The Garddfon Inn stands at 1 Beach Road, directly on the bank of the Menai Strait, and has been serving drinks to people looking at the water for over two hundred years. It is a Robinsons house, with a traditional bar on one side and a brighter bistro on the other, and it does fresh lobster as a signature dish alongside the daily specials boards. Afternoon tea is served. Dogs are welcome in the bar and lounge, though not in the five bedrooms upstairs, most of which look out over the Strait. There is a beer garden, a quiz every Tuesday at nine, and live music through the summer. It comes second of eight restaurants in the village on TripAdvisor, which tells you both that people rate it and that a village of 2,300 supports eight restaurants.

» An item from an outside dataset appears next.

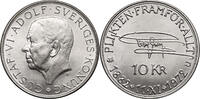Sweden 5 Kronor 90th Birthday Anniversary of Gustav VI Adolf -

The village drops down to a marina, which was until fairly recently a working slate dock. The masts you see now stand where slate schooners and steamers once crowded a basin, and the dry dock beside them built ships, including the 825-ton Ordovic, launched in 1877. The whole complex is Grade II listed. A few restaurants and cafés cluster outside the marina gate, with shops along the top road toward the harbour.
Away from the waterfront it still feels rural, with fields running down to the shore and the peaks of Eryri rising inland behind the village.
The best walk here is Lôn Las Menai, a flat, traffic-free four miles along a dismantled railway through broadleaf woodland to Caernarfon, with the Strait on one side and Anglesey across the water. There are accessible toilets on Beach Road at the Felinheli end. At Caernarfon the route joins Lôn Eifion, so you can keep going inland toward Snowdonia without touching a road. The Wales Coast Path runs through the village along the shore, and a longer eight-mile loop takes in Caernarfon Castle and back in something under four hours.
Water is the point of the place. The estate agents Dafydd Hardy put it plainly: "The focus in Y Felinheli is very much on water sports." Plas Menai, the National Outdoor Centre for Wales, sits just outside the village and runs sailing, kayaking and paddleboarding, and the Port Dinorwic Sailing Club has been racing dinghies off the Strait since 1947.
The name means "the salt-water mill" — y melin heli — and the mill it refers to was rebuilt closer to the sea in 1633. The port itself is a nineteenth-century creation: the Assheton-Smiths of the Faenol Estate built a quay here in 1793 to ship out Dinorwic slate, and for its first sixteen years the slate was rowed out to ships anchored in the Strait until the quays opened in 1809. On maps it was once Port Dinorwic; now only the Welsh name appears.
Behind the old Halfway House pub, which closed in 2013, stands the first Carnarvon railway station building, in use only from 1852 to 1875 and now somebody's house.
This is a Welsh-speaking village — 68 per cent of residents speak it — and the primary school teaches through Welsh to 171 pupils. The annual carnival, Gŵyl Y Felinheli, still fills the streets.